It is ironic that the Bf109, the
foremost German fighter of the
Second World War, started out and ended its life with British engines.
Messerschmitt was designing the 109 the specification called for
the use of the Jumo
210 engine of 610 horsepower, an engine that was so new that none were
Messerschmitt was forced to use a Rolls-Royce Kestrel VI engine of 695
hp. German engines
of the time lagged behind those being developed in Britain, but the
Germans were catching
up fast. It is important to note that the Messerschmitt was initially
designed around a
much less powerful engine than the 1000 horsepower plus Merlin engine
designers were planning to put in their new creations. This is one
reason why the 109 is
smaller than its contemporaries.
The Jumo 210, when it did arrive, was a twelve cylinder, liquid-cooled engine with its cylinder blocks forming an inverted "V" . The engine was developed from the A and B models (610hp) through the D (635hp), to the E (640hp) with a two stage supercharger to increase altitude performance, then to the G with 670 horsepower and fuel injection.
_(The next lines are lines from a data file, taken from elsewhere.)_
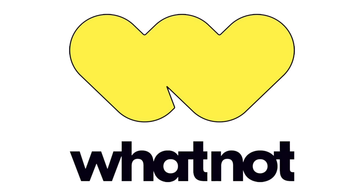Before we get into any of them, I do want to mention that today's video is sponsored by WhatNot, but more on them later.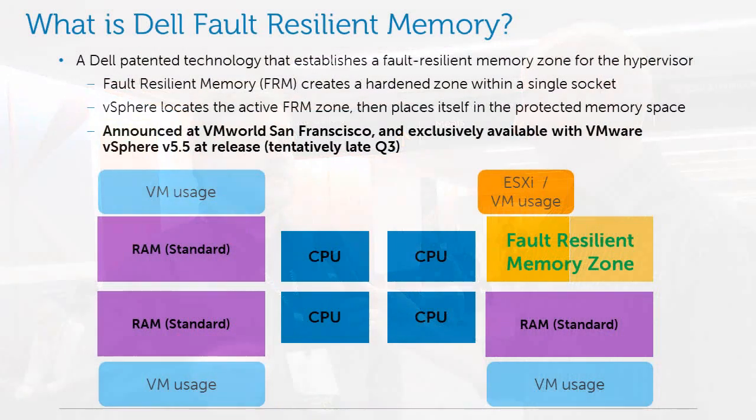We have power redundancy, NIC redundancy. Fault Resilient Memory is the idea of being able to take a socket of memory within the server and provide a space where there is a protected zone that gets communicated to the hypervisor.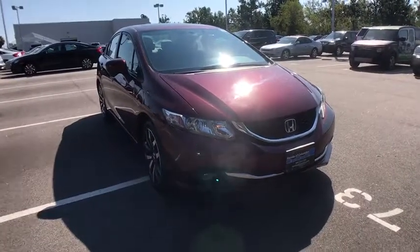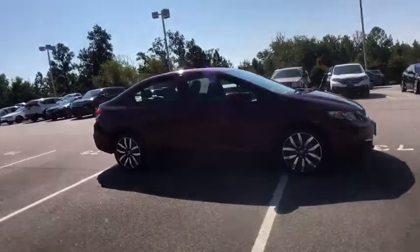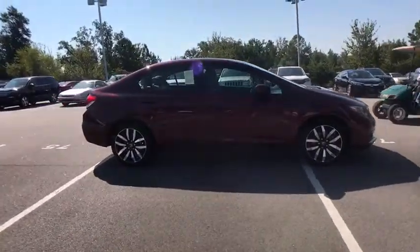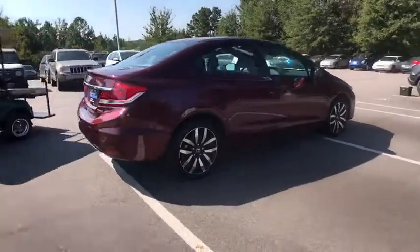The 2014 Honda Civic. Practical, awesome gas mileage, and incredibly reliable. This vehicle has less than 50,000 miles. Here are some of this vehicle's great options.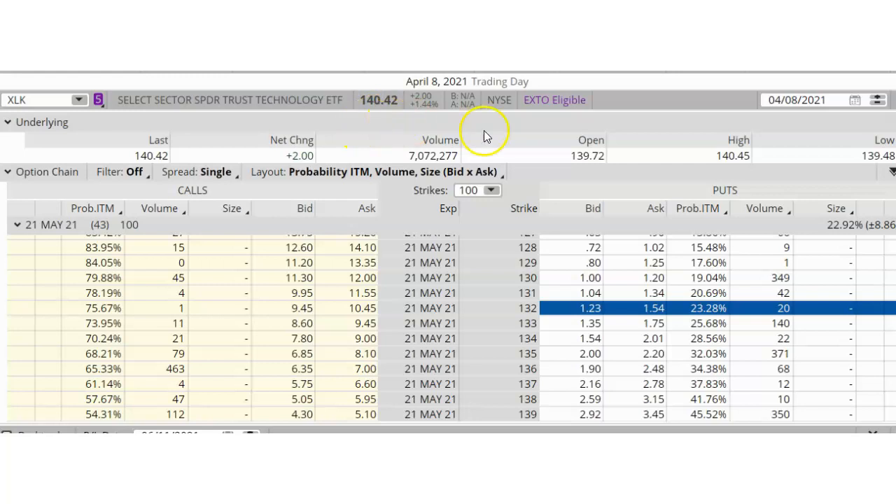I'm using a neat little tool called ThinkBack, which is part of Thinkorswim. We're going to go back in time to April 8, 2021, which was the date that I placed my trade. This is basically a snapshot of the options chain at 4 p.m. Eastern time on April 8, so this is what the options looked like at the end of the trading session. I'm going to show you how to build a ratio put spread. The first thing we're going to do is select an expiration date, and we're going to choose May 21, 2021, which was 43 days away. I start out by looking at the short put option. The probability in the money number that I'm comfortable with is something between 20% and 30%, so I'm going to start out by selecting the 132 put option as my short option.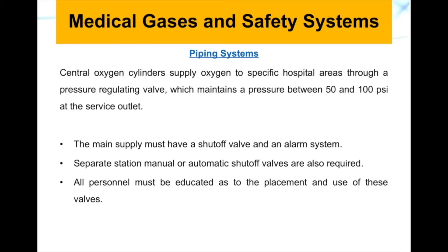The main supply must have shut-off valves and an alarm system. Separate station manual or automatic shut-off valves are also required. All personnel must be educated as to the placement and use of these valves on the cylinders.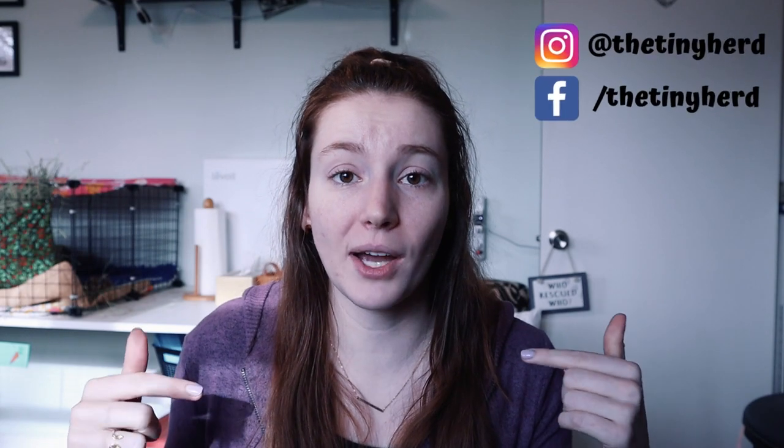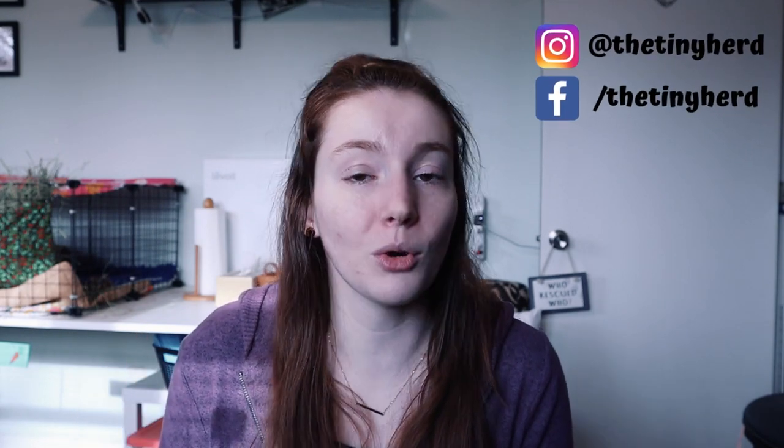Thank you guys so much for watching. I hope you enjoyed this video and got some good value out of these tips. Let me know if you have your own tips down below in the comments or if you have any questions on anything that I talked about here today. I will have a new video later on this week and I will see you guys then. Bye.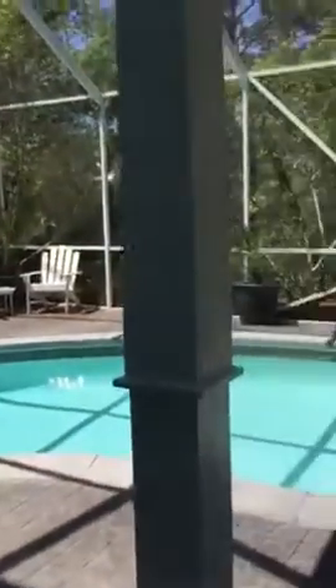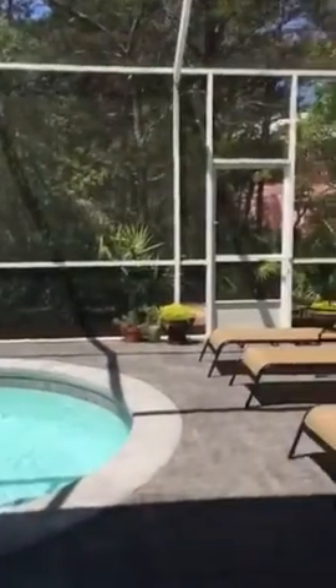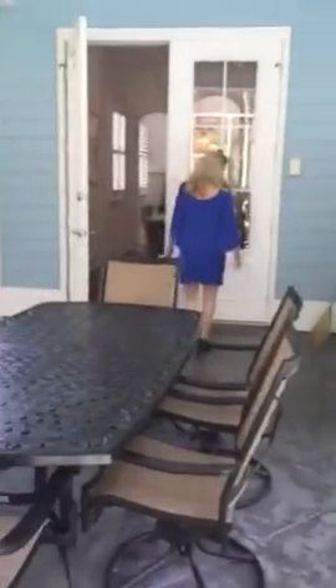It has a beautiful in-ground pool. It has an outdoor fridge and also has a built-in gas grill.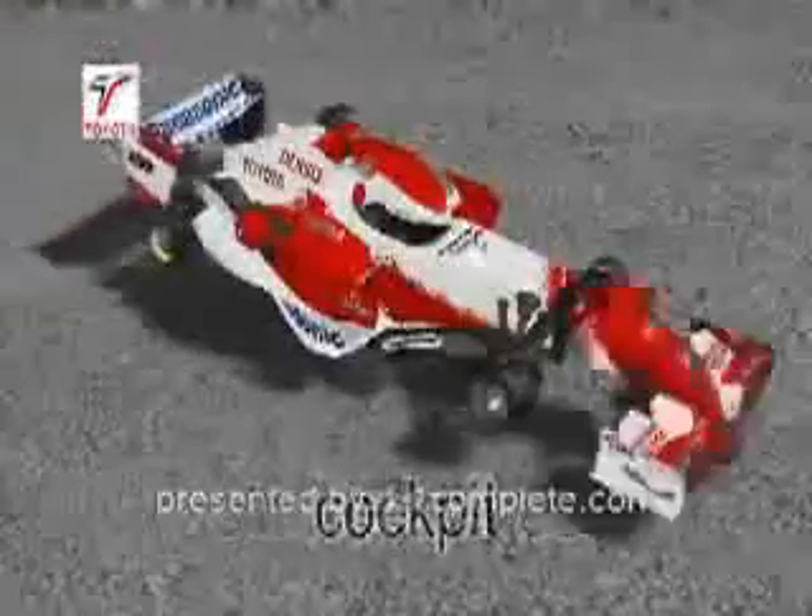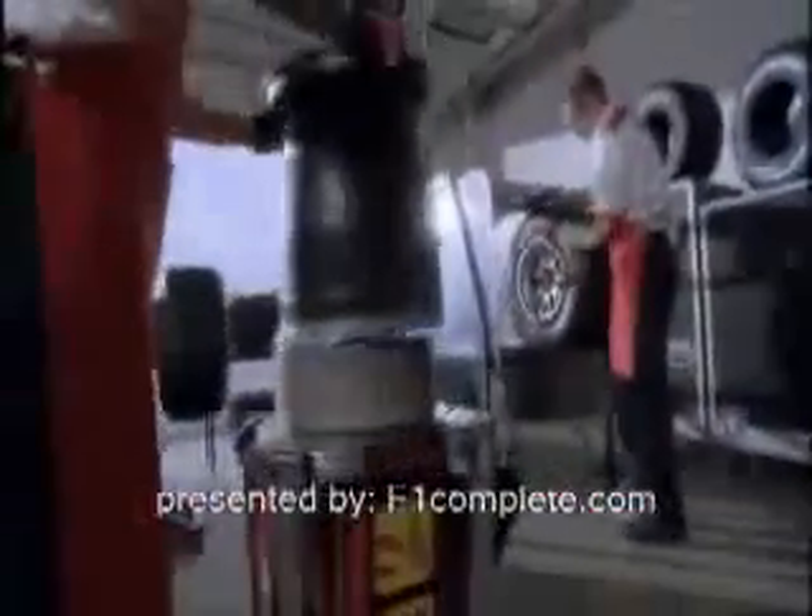Channeling everything at the center of it all: the tires. They are the only link to the track. Tires translate engine power, aerodynamic settings, and brake maneuvers onto the circuit.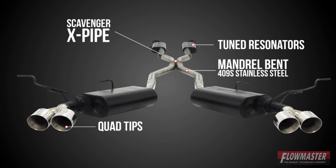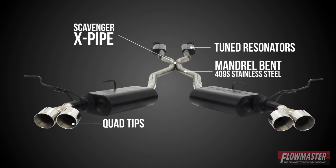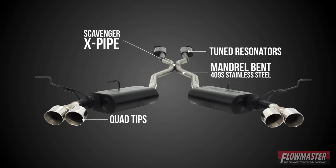This bolt-on dual system features our scavenger X-pipe, 2.5-inch mandrel-bent tubing, dual Super 50 series mufflers and specially tuned resonators. This system is finished off with highly polished quad exhaust tips.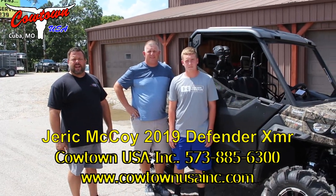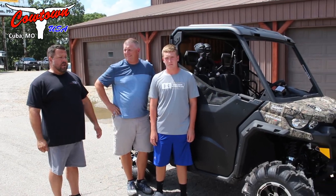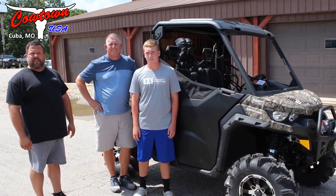Hey guys, Brian with Caltown USA. I'm here with the McCoys from Higginsville, Missouri. Check it out — brand new Can-Am Defender XMR HD10.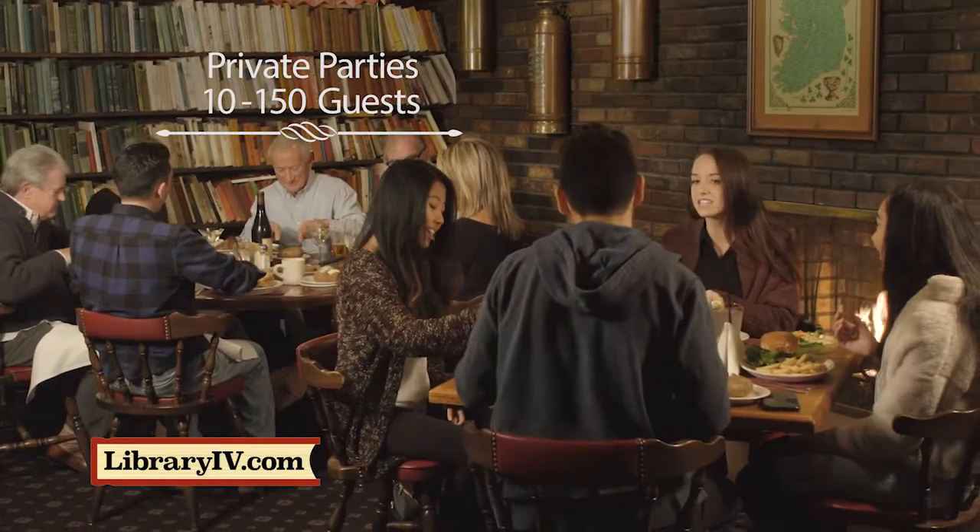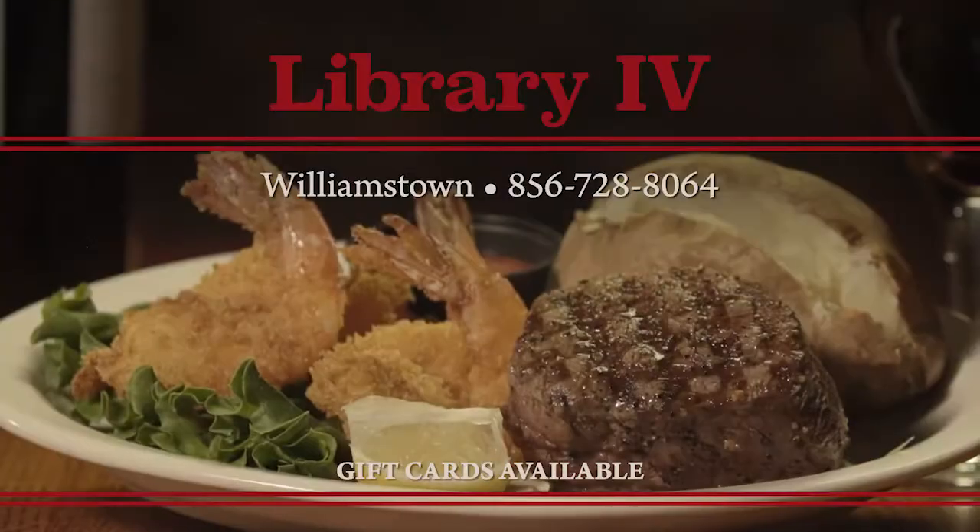Amazing appetizers, too. Experience Library 4, Williamstown's finest steak.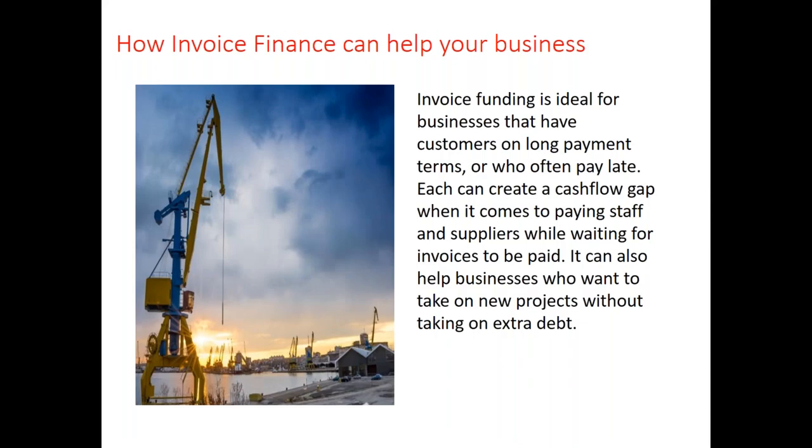How can invoice finance help your business? It's ideal for businesses where customers have longer payment terms. If you're exporting, customers often request payment terms exceeding 30 days from invoice date or end of month. Sometimes those customers pay late, creating a cash flow gap when it comes to paying suppliers or staff because you're waiting longer to get your invoices paid. Invoice finance can also help businesses wanting to take on new projects without taking on extra debt.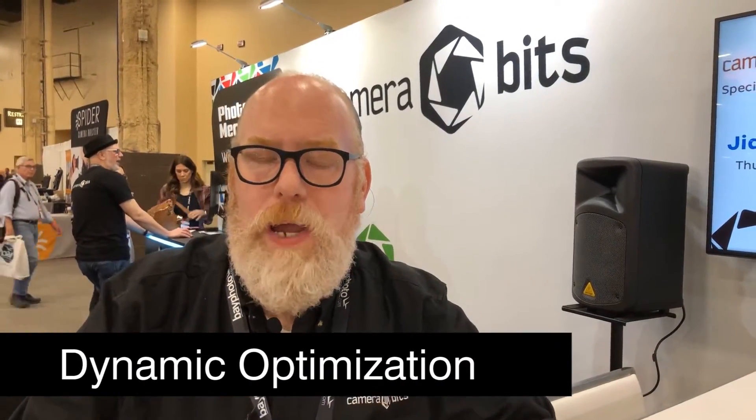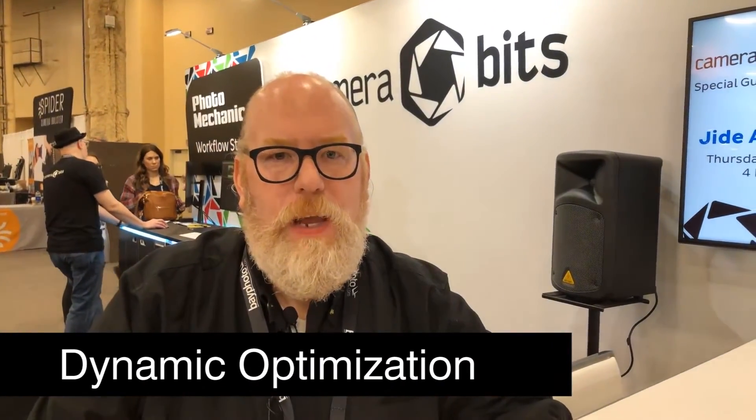Photo Mechanic has been broadening our user base to wedding photographers, portrait photographers, concert photographers — anyone who wants to turn things around quickly. The way it is quick and fast is that it operates on the embedded JPEG preview in the file, and then it does a lot of behind-the-scenes things while you're moving through a shoot. It kind of anticipates what you're going to do next and loads things in advance, and it caches things very quickly.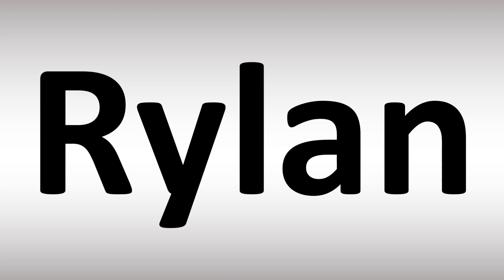Like and subscribe if you found this video useful. Like it at least — it helps me a lot. Thanks for your support and thanks for watching, and remember: Rylan.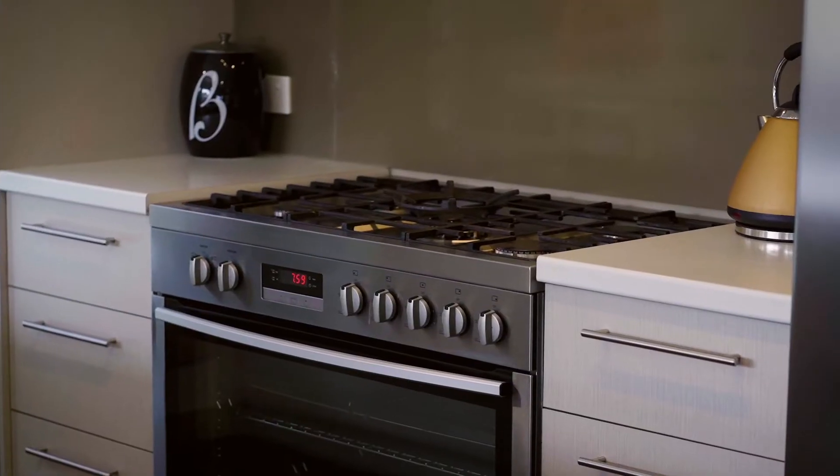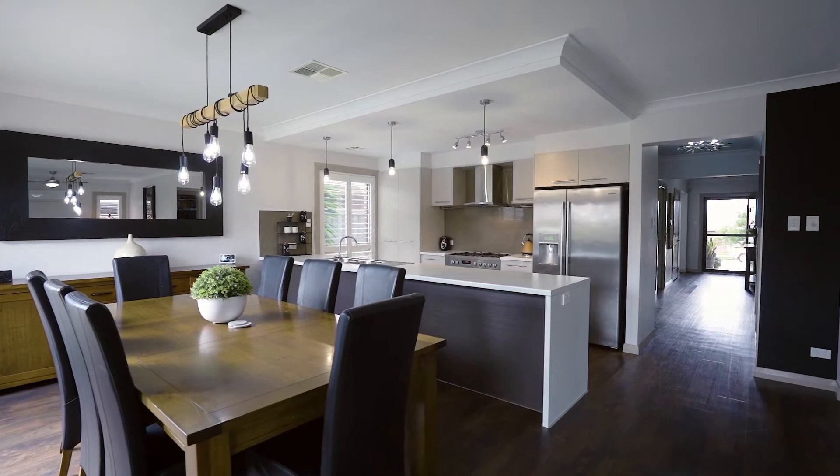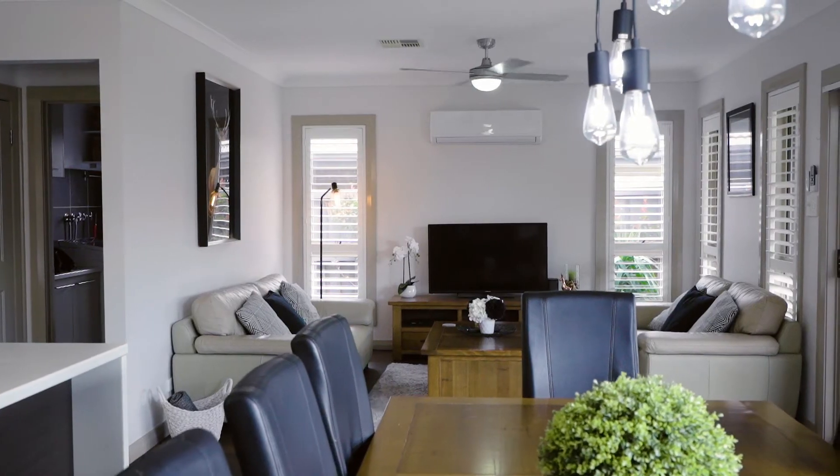The kitchen connects to a dining room with feature lighting and another family living room that opens to the outdoor pergola.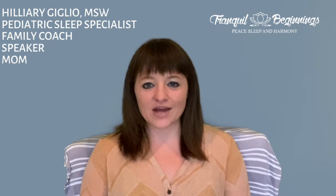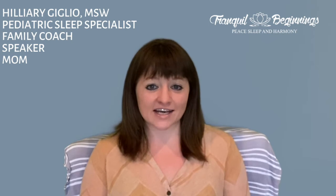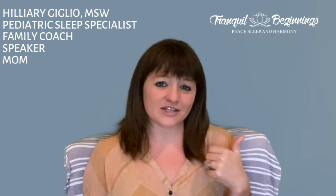Welcome to Tranquil Beginning TV and welcome to the Ages and Stages series. I'm Hilary Giglio, your Pediatric Sleep Specialist and Family Coach. If you are wanting to dive deeper into what this series is all about, please go check out the intro video that gets a little deeper into that.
These engines powered the 109 Bs and Cs, with many aircraft being updated with the later Jumo engines after being initially built with the slightly less powerful earlier models. The first Jumo 210 engines used a fixed wooden propeller, but later they used two bladed metal variable pitch models.
The next production version was the D designed around the Daimler-Benz DB600A engine of 960 horsepower. This could be distinguished by having to have radiators mounted under the wing for the first time. The earlier Jumo engined B and C had only a chin radiator under the nose. Fitted with the new engine the 109 reached a new peak in performance. To use fully the power available a three blade propeller was fitted, all later wartime 109s used three blades as well. 250 D series aircraft were produced and it used to be a bit of mystery what happened to them, there being very few photographs of them in service. Research now seem to show that there were never enough DB600 engines and that most of the "D" airframes built were actually fitted with the Jumo 210 engine, making them look almost identical to the earlier B and C series.
In 1937 the DB601 engine was used in a specially modified "sprint" form to power the Bf 109 V13 that gained the world landplane record for Germany. This engine could produce 1,650 hp for a limited period. In its production form it could deliver 1,175 hp. This is the engine that, in its DB601A form, powered the aircraft that swept all opposition from the sky in 1939/40 and carried the 109 into the Battle of Britain. It was a fuel injection engine, which meant that a measured dose of fuel was injected into each piston, doing away with a carburettor. This gave the 109 pilots an advantage in combat, in that they could do negative "g" manoeuvres without the engine failing. A Messerschmitt pilot could push over into a dive that a Spitfire or Hurricane pilot could not follow without losing vital moments of engine power.
The 601A engine, with its capacity of 33.9 litres was an outstanding power-plant, closely cowled it did not produce the aesthetic lines of the Spitfire or Hurricane when married to the smaller 109 airframe, but it did produce a powerful and purposeful looking aircraft, which one RAF pilot said, "looked all engine." It should be noted however that the British Merlin engine produced almost as much power out of an engine capacity of only 27 litres.
The F series that followed was also powered by the DB601, albeit more highly developed versions that, when fitted in the redesigned contours of the 109Fs nose, gave a much more pleasing appearance. The DB601E used in the F gave 1,200 horsepower.
The next stage in the engine story was the DB605A, which kept to the twelve cylinder inverted V layout of the Jumo 210 and DB601, but produced 1,475 horsepower out of a capacity of 35.7 litres. Intended for the 109 G series, production was delayed, so the first of the G line, the G-0, made do with the DB601E. The DB605A employed the GM1 power boost system that injected nitrous oxide into the supercharger to increase performance at altitude.
The DB605D used methanol/water injection and an increased compression ratio to boost power to a staggering 1,800 horsepower in an emergency, allowing a top speed of over 400mph for the first time. In fact, when mated with the G-10 airframe a top speed of 428 mph was claimed, making it the fastest of any of the Bf 109G types.
However the fastest of all the Bf 109s was the K-14, fitted with the DB605L engine, this was reported to be capable of 455 mph made possible by an engine of 1,500 hp boosted to 2,000hp for short periods. Only two were ever used in combat.
Graph showing the increase in Bf109 Engine power
After the war the models of 109 produced in other countries progressed back through Jumo and Rolls-Royce engines! First the S 199 made in Czechoslovakia had a Jumo 211 engine fitted, this engine, to the familiar 12 cylinder inverted V pattern of German developed engines, produced similar power to the DB605.
In Spain the Hispano factory turned out versions of the 109 with the 1,300 Hispano HS-12Z engine. This was considered unsatisfactory and Rolls-Royce Merlin engines of 1,400 hp were fitted instead. These are easily identified by their four blade propeller, deep chin radiator and the bulges on top of the nose for the cylinder banks in their upright "V" configuration.